4. Dynamic movements – Dynamic movements build on your mobility and activation work by using the specific postures and movements that will be required in your training session. This acn also include technical drills. For example, if you want to improve your running mechanics, you can throw in different types of running drills and different types of dynamic range of motion exercises. These drills may include, leg kicks, walking lunges w/ overhead reach, walking single leg dead lifts, A-skip, B-skip, and technical running. These drills will have the added benefit of increases your heart rate and body temperatue while also drilling the body to hit strong mechanical positions which translate to your on-field running. You can honestly do the same thing here with squats, deadlifts, bench press, any of your lifting movements. You might just choose a piece of an exercise to warm up, or even just an empty bar, and that can be your dynamic variation warm-up. Most warm up will finish here, which is perfectly fine, you will be prepared enough to start training, although we add in one more element that really takes the warm up another level.

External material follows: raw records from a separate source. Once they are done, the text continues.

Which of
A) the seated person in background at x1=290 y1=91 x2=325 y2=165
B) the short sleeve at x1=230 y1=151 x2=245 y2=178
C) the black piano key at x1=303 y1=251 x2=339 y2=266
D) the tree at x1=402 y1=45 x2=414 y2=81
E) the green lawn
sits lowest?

5. Primers – Primers are exercises that really rev up the central nervous system and get your brain stimulated and ready for fast, explosive movements in the gym or on the field. These can include; jumping/plyometrics, throwing, sprinting, and change-of-direction exercises. Adding these exercises to the end of a warm up is very effective for developing speed, power and explosiveness as you are relatively fresh yet prepared to move fast! Primers also help your body prepare for strength work as you are tapping into important fast twitch muscle fibres used for heavy weight training.


That’s a simplified structure of a warm-up but this is a great way to start. All of this can be done in an efficient and effective way, remember to keep your warm up around ten to fifteen minutes in length and longer and your wasting time (your warm up should not be longer than your workout). Even if you’re short on time, it’s still a good idea to get some kind of warm-up in because this will accumulate over time. These reps that you think are insignificant can actually build up over time, especially if you’re warming up before every single training session. These reps will pay dividends in the long run.